Phreedum ain't Phree


Every now and again I have the opportunity to facilitate workshops about the role of identity, values, and roles as it relates to counseling those who have been sexually abused and or assaulted. I find it quite enjoyable and challenging. My audience is typically college students eager to help and heal the world. Kind of like me, kind of like Phreedum. However, amidst all of the good loving we want to give there is the need to acknowledge how our identity, values, and roles impact the way in which we see those we hope to serve.
As I talked with the students and challenged them to think about terms such as privilege, gender bias, class, we found ourselves talking about the American Dream. We found ourselves discussing what the dream is and isn’t. One of the participants who is from Europe shared that she grew up with the belief that America is the land of opportunity. When she first came to Philadelphia, and having visited several other US cities, she was struck by the poverty. “I know in Europe we have poverty but I guess we, well a lot of countries, have moved to a more social model and we have policies that kinda help curb the poverty. But here, there is just so much poverty here. I was really surprised.”
After the workshop was over I continued to think about the sad surprise the student found when she came to the states. Amidst our nation’s glory she was overwhelmed by the pockets of our ugliness, poverty. And she wasn’t surprised that it existed, on the contrary, that it existed so much. Her observation bothered me. It bothered me that as a nation we struggle with our social responsibility one to another. We have so valued choice and protecting that right, that we have chosen inadvertently perhaps, to ignore the right to collectively support the welfare of one another. We have chosen to maintain systems that allow for “so much poverty here.”

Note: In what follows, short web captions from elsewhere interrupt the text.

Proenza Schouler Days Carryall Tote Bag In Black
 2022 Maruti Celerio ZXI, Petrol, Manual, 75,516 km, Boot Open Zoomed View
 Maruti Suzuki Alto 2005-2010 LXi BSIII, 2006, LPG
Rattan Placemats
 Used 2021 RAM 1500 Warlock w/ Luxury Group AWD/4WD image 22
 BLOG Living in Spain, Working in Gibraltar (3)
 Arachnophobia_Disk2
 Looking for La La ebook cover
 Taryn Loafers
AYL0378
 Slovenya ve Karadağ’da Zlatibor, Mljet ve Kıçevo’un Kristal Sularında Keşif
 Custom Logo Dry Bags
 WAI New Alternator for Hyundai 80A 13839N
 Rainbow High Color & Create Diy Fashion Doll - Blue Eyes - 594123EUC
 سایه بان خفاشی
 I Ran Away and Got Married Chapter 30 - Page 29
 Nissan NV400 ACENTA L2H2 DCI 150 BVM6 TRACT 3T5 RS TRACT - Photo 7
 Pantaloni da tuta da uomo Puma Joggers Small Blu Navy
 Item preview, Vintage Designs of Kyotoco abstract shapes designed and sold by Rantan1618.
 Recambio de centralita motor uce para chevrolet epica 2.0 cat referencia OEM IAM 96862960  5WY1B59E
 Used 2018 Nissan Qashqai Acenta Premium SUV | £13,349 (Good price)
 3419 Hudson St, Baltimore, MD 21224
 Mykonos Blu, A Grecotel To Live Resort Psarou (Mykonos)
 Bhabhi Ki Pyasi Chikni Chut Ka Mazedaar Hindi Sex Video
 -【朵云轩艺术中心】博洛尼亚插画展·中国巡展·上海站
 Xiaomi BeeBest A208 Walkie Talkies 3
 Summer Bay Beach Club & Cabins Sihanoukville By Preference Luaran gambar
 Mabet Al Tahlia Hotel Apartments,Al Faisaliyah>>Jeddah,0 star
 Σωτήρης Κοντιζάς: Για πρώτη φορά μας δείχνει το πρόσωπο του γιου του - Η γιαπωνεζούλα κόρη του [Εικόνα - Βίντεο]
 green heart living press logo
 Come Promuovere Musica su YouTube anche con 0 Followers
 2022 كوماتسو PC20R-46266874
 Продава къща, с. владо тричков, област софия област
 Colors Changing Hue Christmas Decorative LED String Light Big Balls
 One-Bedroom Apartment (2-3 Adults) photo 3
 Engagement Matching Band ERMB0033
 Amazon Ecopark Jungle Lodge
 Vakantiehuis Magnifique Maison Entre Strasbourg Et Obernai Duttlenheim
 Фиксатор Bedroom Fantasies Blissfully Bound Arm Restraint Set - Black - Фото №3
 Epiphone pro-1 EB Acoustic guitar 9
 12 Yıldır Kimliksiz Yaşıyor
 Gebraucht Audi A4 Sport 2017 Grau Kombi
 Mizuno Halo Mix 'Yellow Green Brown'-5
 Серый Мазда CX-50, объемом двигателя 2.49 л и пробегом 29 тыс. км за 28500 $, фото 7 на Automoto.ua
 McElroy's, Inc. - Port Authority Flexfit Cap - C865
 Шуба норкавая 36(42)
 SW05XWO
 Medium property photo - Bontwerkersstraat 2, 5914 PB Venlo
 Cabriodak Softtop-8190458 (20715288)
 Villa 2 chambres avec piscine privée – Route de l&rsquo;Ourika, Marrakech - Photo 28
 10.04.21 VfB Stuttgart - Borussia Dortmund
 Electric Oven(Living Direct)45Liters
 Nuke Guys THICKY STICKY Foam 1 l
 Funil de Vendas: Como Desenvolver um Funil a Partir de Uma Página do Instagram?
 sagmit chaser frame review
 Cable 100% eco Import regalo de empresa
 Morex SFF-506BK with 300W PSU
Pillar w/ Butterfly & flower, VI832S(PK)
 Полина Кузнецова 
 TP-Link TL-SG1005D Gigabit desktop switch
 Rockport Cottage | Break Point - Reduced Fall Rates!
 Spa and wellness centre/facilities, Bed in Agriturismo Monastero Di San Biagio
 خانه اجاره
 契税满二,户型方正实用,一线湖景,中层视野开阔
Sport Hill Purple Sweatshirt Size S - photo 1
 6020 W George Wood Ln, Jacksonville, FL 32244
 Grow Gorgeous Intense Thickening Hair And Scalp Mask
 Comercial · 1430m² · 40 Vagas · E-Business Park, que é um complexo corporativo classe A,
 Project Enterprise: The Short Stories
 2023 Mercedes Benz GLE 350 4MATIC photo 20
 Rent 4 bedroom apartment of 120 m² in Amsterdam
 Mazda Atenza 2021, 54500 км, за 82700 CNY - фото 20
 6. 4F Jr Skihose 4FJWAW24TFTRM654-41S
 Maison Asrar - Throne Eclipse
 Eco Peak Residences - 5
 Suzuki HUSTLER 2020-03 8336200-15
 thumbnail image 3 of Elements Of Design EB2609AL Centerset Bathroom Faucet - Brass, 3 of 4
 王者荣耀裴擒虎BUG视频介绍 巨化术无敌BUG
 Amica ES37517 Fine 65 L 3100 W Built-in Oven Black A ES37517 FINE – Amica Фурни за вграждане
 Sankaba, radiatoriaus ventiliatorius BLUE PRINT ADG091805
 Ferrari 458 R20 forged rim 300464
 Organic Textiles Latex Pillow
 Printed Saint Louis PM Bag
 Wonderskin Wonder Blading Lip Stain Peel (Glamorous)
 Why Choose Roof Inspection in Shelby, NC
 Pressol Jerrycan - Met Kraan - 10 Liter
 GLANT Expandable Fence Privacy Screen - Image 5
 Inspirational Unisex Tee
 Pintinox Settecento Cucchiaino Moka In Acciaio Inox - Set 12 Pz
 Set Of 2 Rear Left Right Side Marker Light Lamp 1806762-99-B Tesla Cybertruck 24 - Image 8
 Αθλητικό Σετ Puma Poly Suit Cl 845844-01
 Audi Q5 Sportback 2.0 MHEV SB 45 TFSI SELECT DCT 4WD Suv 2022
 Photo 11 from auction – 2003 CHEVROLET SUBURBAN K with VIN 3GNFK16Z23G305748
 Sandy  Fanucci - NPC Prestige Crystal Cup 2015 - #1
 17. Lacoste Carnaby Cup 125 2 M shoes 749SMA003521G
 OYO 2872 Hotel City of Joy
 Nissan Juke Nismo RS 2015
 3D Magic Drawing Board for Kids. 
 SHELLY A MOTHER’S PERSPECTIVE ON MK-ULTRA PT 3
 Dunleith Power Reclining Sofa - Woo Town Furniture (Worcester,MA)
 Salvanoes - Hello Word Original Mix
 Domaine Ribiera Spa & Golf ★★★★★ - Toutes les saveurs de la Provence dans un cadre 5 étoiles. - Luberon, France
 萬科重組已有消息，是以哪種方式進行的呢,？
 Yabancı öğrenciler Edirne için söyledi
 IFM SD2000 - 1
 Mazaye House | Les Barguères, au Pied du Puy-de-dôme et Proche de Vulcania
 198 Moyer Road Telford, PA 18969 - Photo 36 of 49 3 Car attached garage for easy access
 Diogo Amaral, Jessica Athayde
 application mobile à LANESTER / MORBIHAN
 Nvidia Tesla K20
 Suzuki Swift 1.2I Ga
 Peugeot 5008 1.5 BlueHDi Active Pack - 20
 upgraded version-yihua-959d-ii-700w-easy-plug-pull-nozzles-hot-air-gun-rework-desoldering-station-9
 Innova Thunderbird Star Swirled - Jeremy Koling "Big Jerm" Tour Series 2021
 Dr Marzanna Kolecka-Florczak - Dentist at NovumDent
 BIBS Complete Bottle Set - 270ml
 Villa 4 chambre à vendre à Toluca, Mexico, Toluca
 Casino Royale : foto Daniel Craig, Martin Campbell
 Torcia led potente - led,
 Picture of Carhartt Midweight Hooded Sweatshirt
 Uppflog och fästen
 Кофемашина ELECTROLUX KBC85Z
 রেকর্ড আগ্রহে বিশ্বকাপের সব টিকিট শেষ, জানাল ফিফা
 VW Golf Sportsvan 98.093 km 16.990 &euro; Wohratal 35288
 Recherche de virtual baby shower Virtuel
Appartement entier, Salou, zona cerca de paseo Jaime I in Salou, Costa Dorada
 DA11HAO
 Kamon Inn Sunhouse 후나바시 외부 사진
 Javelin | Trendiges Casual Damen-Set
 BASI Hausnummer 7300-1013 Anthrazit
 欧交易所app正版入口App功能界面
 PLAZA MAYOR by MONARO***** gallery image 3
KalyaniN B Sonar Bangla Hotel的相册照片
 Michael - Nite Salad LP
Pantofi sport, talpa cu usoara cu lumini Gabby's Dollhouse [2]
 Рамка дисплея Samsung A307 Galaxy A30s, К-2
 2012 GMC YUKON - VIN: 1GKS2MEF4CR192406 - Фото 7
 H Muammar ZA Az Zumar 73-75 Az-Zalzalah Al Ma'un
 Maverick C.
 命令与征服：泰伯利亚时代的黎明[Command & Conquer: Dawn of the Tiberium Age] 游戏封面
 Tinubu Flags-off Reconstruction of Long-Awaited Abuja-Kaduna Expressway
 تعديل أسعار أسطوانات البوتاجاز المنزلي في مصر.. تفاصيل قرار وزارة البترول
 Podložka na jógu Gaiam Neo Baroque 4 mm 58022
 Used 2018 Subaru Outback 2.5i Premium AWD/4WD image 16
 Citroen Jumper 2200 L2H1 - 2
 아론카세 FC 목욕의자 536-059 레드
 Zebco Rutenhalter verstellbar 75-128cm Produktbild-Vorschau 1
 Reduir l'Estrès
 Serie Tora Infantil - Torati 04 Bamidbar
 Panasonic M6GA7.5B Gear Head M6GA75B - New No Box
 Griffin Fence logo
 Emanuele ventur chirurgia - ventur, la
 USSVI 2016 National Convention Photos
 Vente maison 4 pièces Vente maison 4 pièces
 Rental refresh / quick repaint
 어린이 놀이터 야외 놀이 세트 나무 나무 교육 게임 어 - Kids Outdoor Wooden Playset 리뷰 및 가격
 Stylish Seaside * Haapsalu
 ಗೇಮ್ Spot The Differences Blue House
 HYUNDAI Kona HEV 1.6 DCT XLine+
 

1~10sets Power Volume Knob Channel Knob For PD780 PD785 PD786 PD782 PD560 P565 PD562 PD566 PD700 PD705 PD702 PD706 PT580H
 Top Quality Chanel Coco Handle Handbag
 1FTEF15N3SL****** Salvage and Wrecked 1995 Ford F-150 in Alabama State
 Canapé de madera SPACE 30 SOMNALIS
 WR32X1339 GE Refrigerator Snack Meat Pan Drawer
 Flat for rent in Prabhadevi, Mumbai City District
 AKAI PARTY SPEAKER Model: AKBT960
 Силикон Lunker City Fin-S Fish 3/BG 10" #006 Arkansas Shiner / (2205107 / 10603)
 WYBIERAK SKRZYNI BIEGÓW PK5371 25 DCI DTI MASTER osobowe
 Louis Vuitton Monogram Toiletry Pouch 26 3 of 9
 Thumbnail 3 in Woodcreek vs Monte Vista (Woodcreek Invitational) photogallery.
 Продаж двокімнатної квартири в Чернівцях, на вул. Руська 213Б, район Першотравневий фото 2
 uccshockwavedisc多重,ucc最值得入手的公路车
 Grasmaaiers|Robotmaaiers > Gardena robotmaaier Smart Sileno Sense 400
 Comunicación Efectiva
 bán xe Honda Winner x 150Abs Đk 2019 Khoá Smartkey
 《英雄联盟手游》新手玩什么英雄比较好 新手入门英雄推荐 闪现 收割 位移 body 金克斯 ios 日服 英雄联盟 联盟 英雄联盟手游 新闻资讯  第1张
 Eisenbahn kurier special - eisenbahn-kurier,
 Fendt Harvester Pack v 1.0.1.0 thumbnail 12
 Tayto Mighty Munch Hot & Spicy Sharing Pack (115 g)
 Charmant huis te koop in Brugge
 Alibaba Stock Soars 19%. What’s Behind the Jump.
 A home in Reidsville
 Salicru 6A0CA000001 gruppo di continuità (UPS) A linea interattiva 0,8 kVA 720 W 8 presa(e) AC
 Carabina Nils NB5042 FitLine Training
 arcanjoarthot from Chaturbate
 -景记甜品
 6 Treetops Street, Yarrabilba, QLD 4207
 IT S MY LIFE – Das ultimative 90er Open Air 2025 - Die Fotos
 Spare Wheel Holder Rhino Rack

I’m not one to guilt trip others so I won’t do that in this post. However, I am one to challenge others. So, I challenge you to consider if your lifestyle is one that allows for the maintenance of so much poverty. I challenge you to challenge your representatives to address the stains on our nation’s robe of glory. I challenge you reader to think about the American Dream, and if we as a nation are trying to uphold a dream that in turn for so many maintains a nightmare. I challenge you to support Phreedum, to support your fellow citizens’ freedom.